The Holy Past is Present as Catalytic Memory: With Judicial Power

“Each generation of Israel, living in a concrete situation within history, was challenged by God to obedient response through the medium of her tradition. Not a mere subjective reflection, but in the biblical category, a real event as a moment of redemptive time from the past initiated a genuine encounter in the present” (Childs, 83-84). The events of Israel’s redemption were such significant realizations in history of divine redemptive intervention, that together with the rituals, rites, and commandments they entail, they have the authority to assess each successive generation of Israel, including ours. Our response to these events, rites, rituals and obligations, is our response to God, for which we are accountable.

The Haggadah, echoing the Talmud, agrees. It reminds us, “In every generation a man is bound to regard himself as though he personally had gone forth from Egypt. (cf. TB Pesachim). Torah tells us of Passover, "'This will be a day for you to remember [v’haya hayom hazzeh lachem l’zikkaron].” The LXX translates zikkaron as “anamnesis.” It is also the term used in the Newer Covenant underlying the phrase, “Do this in remembrance of me.”

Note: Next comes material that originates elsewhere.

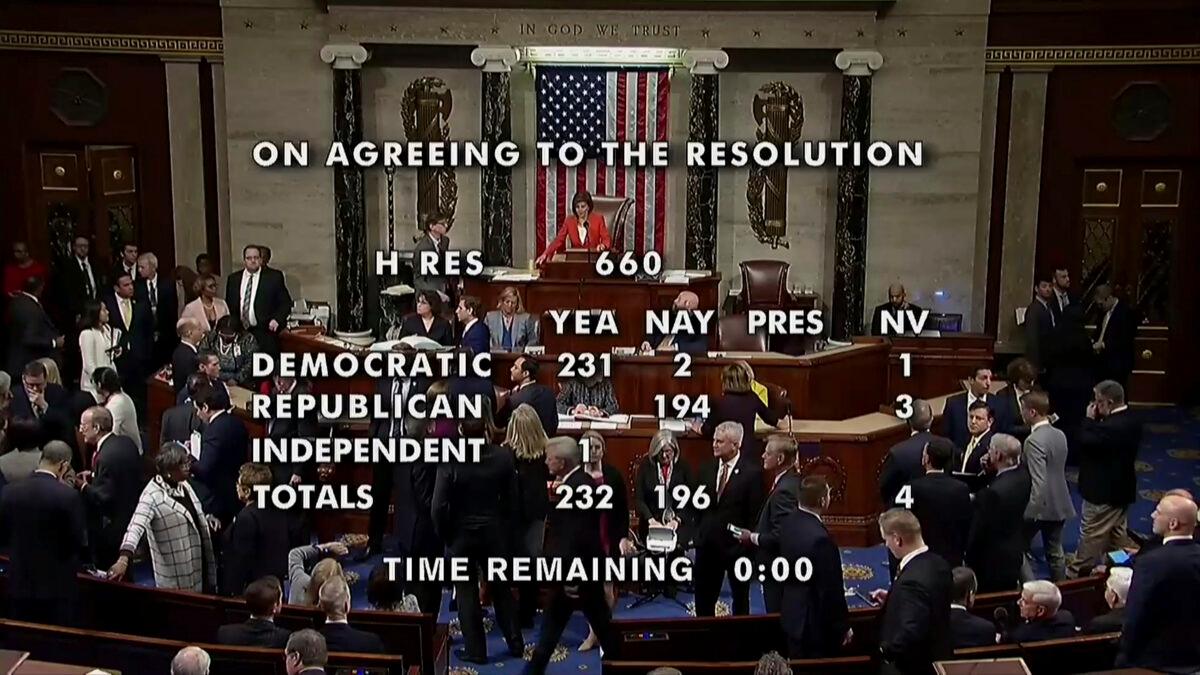 This image from video made available by House TV on Oct. 31, 2019 shows the floor of the U.S. House of Representatives in Washington and the vote count to approve the rules for its impeachment inquiry of President Donald Trump. (House TV via AP)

The holy past is no mere collection of data to be recalled, but a continuing reality to be honored or desecrated. As a zikkaron, a holy memorial, the redemption from Egypt is so authoritatively present with us at the seder, that a cavalier attitude toward the event marks as “The Wicked Son,” unworthy of redemption, anyone who fails to accord it due respect. In zikkaron or anamnesis, the holy past is present with power, assessing our response.

This is a new perspective for some of us and surely for most of our Movement. It makes us wriggle with discomfort because it contravenes our axiomatic commitment to autonomy. We reflexively think ourselves to only be responsible when we choose to be so. The Bible, and our tradition disagrees; hence the discomfort.

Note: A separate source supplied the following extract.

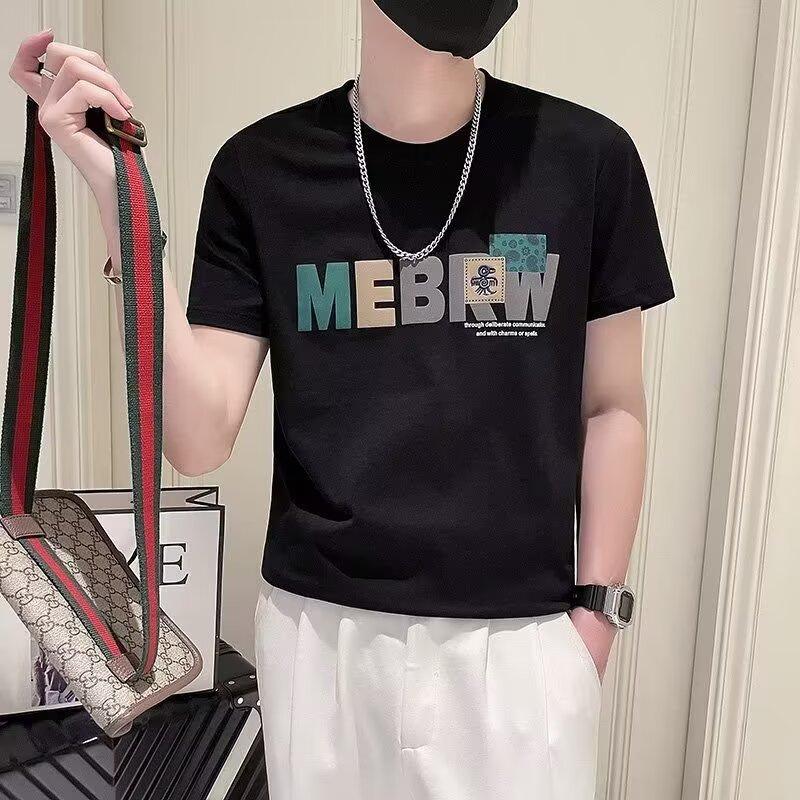 

American Style Heavyweight Short Sleeve Men s Summer Fashion Versatile Men s T-Shirt 2025 New Trendy Brand Couple Outfit Half Sleeve S чорний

That anamnesis has intrusive and unavoidable authority to judge our response is proven in Paul’s discussion of the Lord’s Table. In First Corinthians 11, he states that those who fail to discern the reality present among them in the zikkaron/anamnesis, who drink the Lord’s cup and eat the bread in an unworthy manner, desecrate the body and blood of the Lord and eat and drink judgment upon themselves. He makes this point unambiguous when be states “This is why many among you are weak and sick, and some have died.”

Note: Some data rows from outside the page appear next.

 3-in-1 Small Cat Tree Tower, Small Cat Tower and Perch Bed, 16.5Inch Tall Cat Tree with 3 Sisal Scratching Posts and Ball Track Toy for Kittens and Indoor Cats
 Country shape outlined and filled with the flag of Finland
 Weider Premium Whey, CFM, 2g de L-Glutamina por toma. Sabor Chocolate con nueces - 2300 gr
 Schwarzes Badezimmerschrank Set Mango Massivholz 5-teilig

Because of this numinous power of zikkaron/anemesis, honoring the holy Jewish past and the holy Jewish future as re-presented in the liturgy, ritual, and calendar of our people must become a lived reality in our movement. Our only other option is to dishonor God and to trifle with his holy saving acts. I think it no exaggeration to say that failure to properly honor our holy past, present as zikkaron/anamnesis, is just as truly an act of desecration as was the failure of the Corinthians to honor body and blood of Messiah present in their midst in the bread and the wine.